On peut aller plus loin, en visant aussi le secteur bancaire. En mettant par exemple son argent uniquement dans des banques qui n'utilisent pas les paradis fiscaux, et ne conseillent pas à leurs clients les plus fortunés de les utiliser. 

Parce qu'après tout, on peut se dire que davantage d'argent dans les caisses de l'Etat, c'est aussi plus d'argent pour les fonctionnaires, parmi lesquels, les professeurs qui éduquent nos enfants.

Là aussi, c'est voter avec nos porte-monnaie. Même si l'on aimerait que la manière dont sont utilisés nos impôts soit véritablement transparente aux yeux de tous, afin de traquer les innombrables gabegies et abus de biens publics. Et notamment à la tête de l'état, parmi les députés et ministres. 

On ne peut pas remettre en cause le secteur privé sans remettre en cause le public. Les deux vont de pair, selon moi. Les très grandes entreprises fonctionnent d'ailleurs comme des administrations.

Je ne dis pas qu'il faille uniquement voter avec son porte-monnaie. Il y a d'autres moyens de montrer son désaccord avec l'Etat - j'ai par exemple signé la pétition contre la loi El Khomri, ne serait-ce que pour la fonction d'expressivité de cette pétition.

Mais bien sûr, je crois beaucoup plus à l'efficacité du pouvoir économique.

Et je me méfie aussi des phénomènes de cristallisation. Vous avez remarqué, par exemple, comme des animateurs comme Arthur, Dechavanne ou Nagui cristallisent facilement l'irritation - entre autres réactions émotives?

C'est parce qu'ils sont saillants. C'est une qualité d'un animateur d'avoir un caractère saillant, pour susciter une réaction du public. Question d'audimat.


Eh bien, le pouvoir, mes amis, est comme le nez de Cyrano. C'est un pic, c'est un cap, c'est une péninsule! C'est saillant. Cela focalise en particulier les sentiments négatifs, et dans une moindre mesure, les positifs. 

Ce n'est pas que je défende Hollande, ou avant lui, Sarkozy. C'est une tendance naturelle, et humaine, de vouloir s'en prendre à un homme ou à une femme représentant le pouvoir. 
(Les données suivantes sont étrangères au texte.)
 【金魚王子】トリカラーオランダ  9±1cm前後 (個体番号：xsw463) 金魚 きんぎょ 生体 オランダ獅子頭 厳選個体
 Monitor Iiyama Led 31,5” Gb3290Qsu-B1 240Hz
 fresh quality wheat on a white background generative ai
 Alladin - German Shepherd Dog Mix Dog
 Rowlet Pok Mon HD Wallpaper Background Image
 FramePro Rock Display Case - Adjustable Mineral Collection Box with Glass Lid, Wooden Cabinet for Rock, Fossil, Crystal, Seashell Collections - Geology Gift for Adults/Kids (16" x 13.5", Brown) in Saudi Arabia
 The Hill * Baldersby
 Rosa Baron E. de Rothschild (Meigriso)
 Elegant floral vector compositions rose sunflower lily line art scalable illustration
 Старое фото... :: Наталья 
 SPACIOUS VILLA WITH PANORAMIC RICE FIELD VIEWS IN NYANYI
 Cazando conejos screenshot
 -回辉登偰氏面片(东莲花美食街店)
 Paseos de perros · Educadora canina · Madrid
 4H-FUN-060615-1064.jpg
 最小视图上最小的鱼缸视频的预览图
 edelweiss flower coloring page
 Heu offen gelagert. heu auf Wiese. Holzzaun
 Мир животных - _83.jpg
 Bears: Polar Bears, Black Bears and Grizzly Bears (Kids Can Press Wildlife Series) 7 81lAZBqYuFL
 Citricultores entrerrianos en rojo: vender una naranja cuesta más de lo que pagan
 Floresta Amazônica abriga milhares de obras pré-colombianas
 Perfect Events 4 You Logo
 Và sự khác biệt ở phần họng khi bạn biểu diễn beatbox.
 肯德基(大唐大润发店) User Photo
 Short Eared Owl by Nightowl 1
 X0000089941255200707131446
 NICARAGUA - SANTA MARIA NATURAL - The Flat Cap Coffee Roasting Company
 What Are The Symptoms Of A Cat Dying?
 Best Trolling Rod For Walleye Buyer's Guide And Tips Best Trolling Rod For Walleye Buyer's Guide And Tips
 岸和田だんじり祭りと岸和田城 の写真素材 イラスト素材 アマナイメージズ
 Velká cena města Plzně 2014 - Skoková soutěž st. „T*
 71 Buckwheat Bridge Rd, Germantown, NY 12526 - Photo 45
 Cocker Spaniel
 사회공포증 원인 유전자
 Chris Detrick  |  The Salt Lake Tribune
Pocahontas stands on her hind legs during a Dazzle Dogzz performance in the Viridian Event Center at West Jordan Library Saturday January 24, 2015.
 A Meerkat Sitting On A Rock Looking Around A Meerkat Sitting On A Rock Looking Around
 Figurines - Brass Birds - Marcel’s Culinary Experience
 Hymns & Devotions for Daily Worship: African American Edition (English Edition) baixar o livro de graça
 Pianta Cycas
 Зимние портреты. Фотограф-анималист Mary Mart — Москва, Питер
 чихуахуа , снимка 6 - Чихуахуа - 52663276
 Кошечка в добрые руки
Le problème, c'est que ce coup d'épée ne porte pas, ou si rarement. Il va transpercer un fantôme. On n'adresse pas les vrais problèmes, ce faisant. 

Même si, on est d'accord, ça soulage, des fois, de pousser une gueulante contre quelqu'un dont on a l'impression qu'il a du pouvoir.

On ne changera pas la nature humaine, ni la tendance à la corruption, du jour au lendemain. Cela reste très important de dénoncer cette corruption, et de s'exprimer. Mais si nous voulons changer les choses au coup par coup, à notre niveau, votons avec notre porte-monnaie, et faisons-le en toute conscience.